William L. answered 05/18/21
Data Scientist and Evaluation Specialist
Before I answer your question, I'm going to start by warning that using SOCIOECONOMIC status (SES) as your column for matching people runs a high risk of incorrect matches as the size of your data increases. The reason for this is that no factor excludes two individuals from reporting the same SOCIOECONOMIC score.
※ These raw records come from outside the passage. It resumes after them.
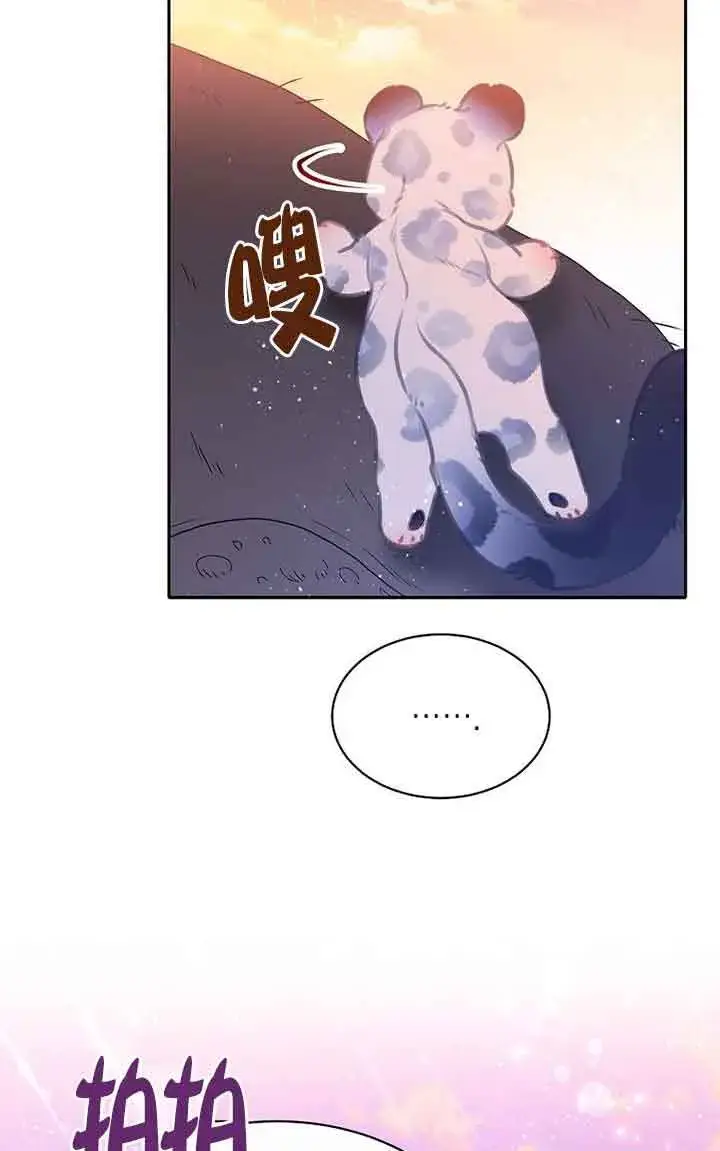 漫画《恶棍家族的继承人》第40话第72张图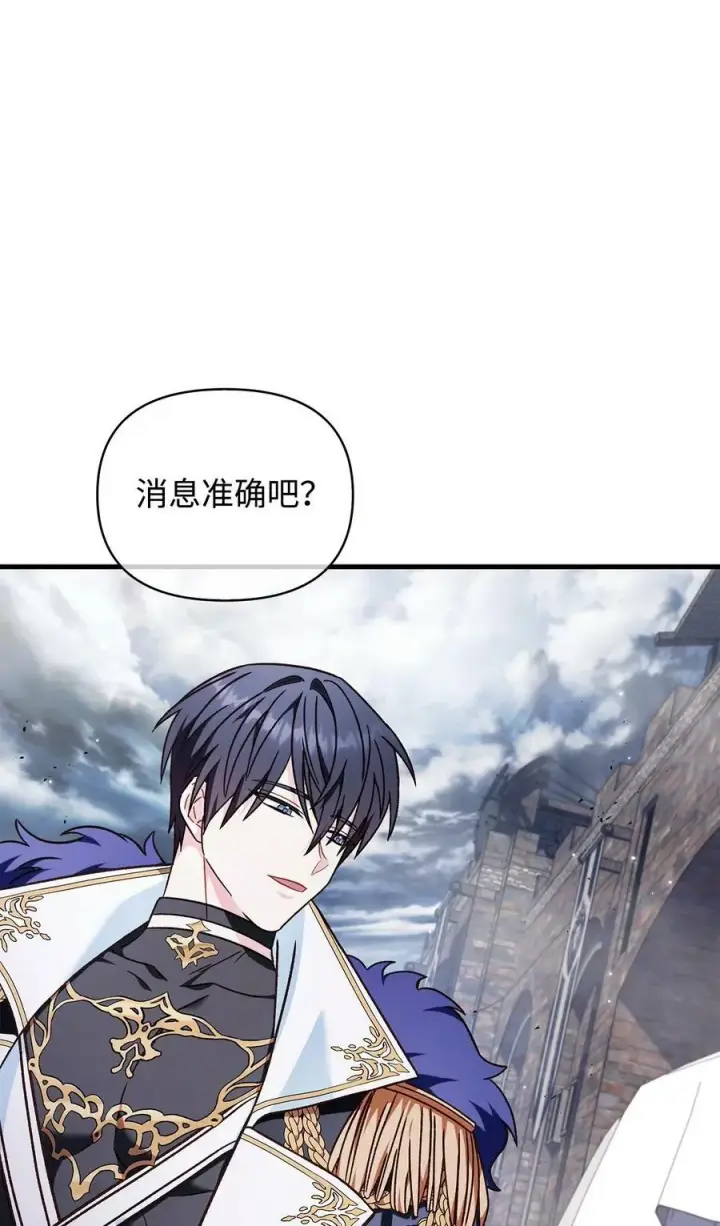 《当反派拥有了全知属性》078 下套图114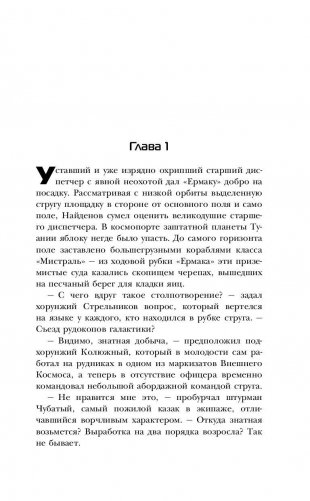 Вечный. Выживший с "Ермака" фото книги 6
That said, if you're intend on combining based on this term, what you need is an INNER JOIN. This is coded differently depending on which language you are using, but the basic function creates a new dataset by taking your first dataset and looking for where it has matches in your specified id column (SES) in the second dataset. An inner join will only include rows which match in both of your datasets. If you want to make sure that you don't lose rows that have no match between your datasets use a FULL JOIN. I won't go into FULL JOINs here as it sounds like you're using matched data.
Here are some examples of how to code this in different languages.
SQL:
SELECT *
FROM <insert the name of your first dataset here>
INNER JOIN <insert the name of your second dataset here>
ON <dataset1>.<matching column> = <dataset2>.<matching column>;
Example: SELECT * FROM Table1 INNER JOIN Table2 ON Table1.Col1 = Table2.Col2;
R: I recommend using dplyr because it's a streamlined way to manipulate data
library(dplyr)
<new dataset name> <- <name of first dataset> %>%
inner_join(<name of second dataset>, by = c("<column from first dataset>" = "<column from second
dataset>"))
Example: Table 3 <- Table 1 %>% inner_join( Table 2, by = c("Col1" = "Col2"))
Python:
import pandas as pd
pd.merge(<first dataset name>, <second dataset name>, left_on='<first datasets matching column>',
right_on='<second dataset's matching column>')
Example: pd.merge(Table1, Table2, left_on='Col1', right_on='Col2')